You know this situation is bigger than you and bigger than you and your girlfriend. You need to seek out professionals that know the system, whom you trust, to help YOU get on your feet and get your sisters to safety as quickly as possible, then of course, get your mother the help she obviously needs and continue to build upon your foundation for stability and strength for the future. Keep praying. Remember, if you aren't healthy and functioning, you won't be able to make sure anybody else is, either.

[deleted account]

They moved to a different state. So that won't happen. I try and talk to them on the phone, but my oldest sister believes my mom and will hang up the phone when I talk to my youngest. I was able to tell my youngest sister that I love her and to not believe anything my mom says about me. I think she believed me because she was crying and kept talking.

[deleted account]

I'am so sorry for what you are going through with your Mother. So sad...and I am familiar with type of situation as my sister alienated her children with this type of behavior for years.

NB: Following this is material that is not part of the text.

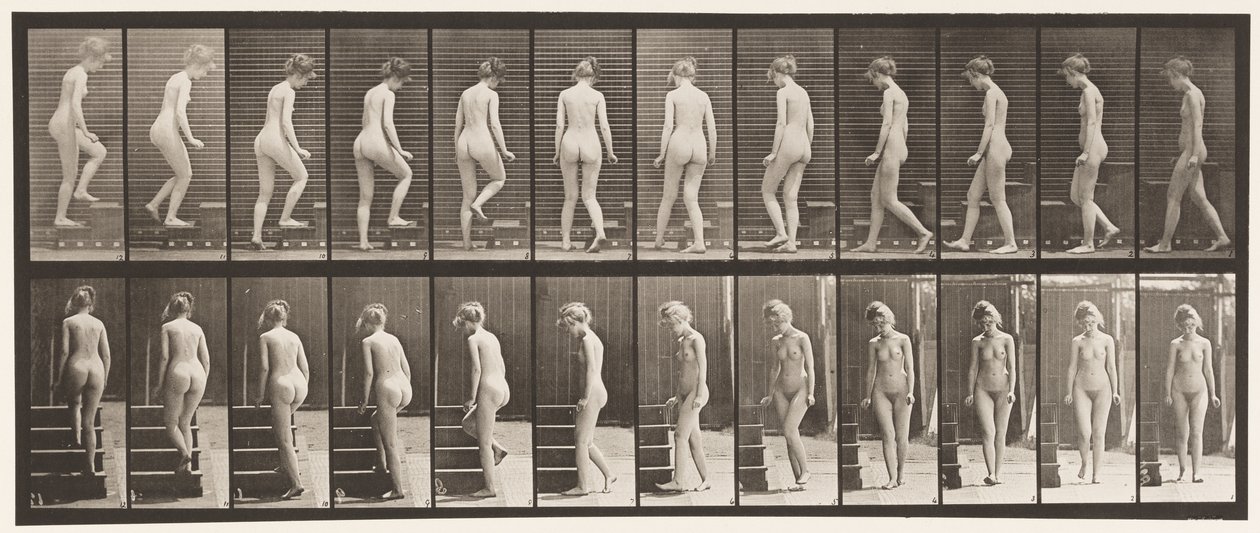 Levy 98. Kääntyvät ja nousevat portaat, 1872-1885 tekijältä Eadweard Muybridge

I completely understand your confusion, anger, sadness for this drama. You sound like a pretty terrific young man. Key word here being MAN. Your Mother must realize this fact before it is too late.

My sister manipulated her 3 children for many years until they decided enough was enough and stopped all communication with her. It was very sad. :o(

The sad thing is my sister never realized it was she that had pushed them away. She passed away 5 years ago. Her children loved her very much...however it was a matter of "self preservation"... They had no choice but to break ties to end the manipulation and drama.

That being said, what YOU need to figure out is: Maybe right now in your life .... you can be healthier and more emotionally stable without having your Mother in it. I am sorry and I DO hope she will change her ways...but for now YOU need clarity and sometimes a little distance and time apart can give you just that.

Best of luck to you & please keep us posted! :o)

[deleted account]

My girlfriend is an adult so it's up to her to take steps. She wants to, but she also wants there to be peace eventually.

[deleted account]

Sybeda-

I would do something like that, but we aren't in the same state anymore. I'm afraid for my sisters because although my Mom most likely needs help, some of the things she has done may get them taken away.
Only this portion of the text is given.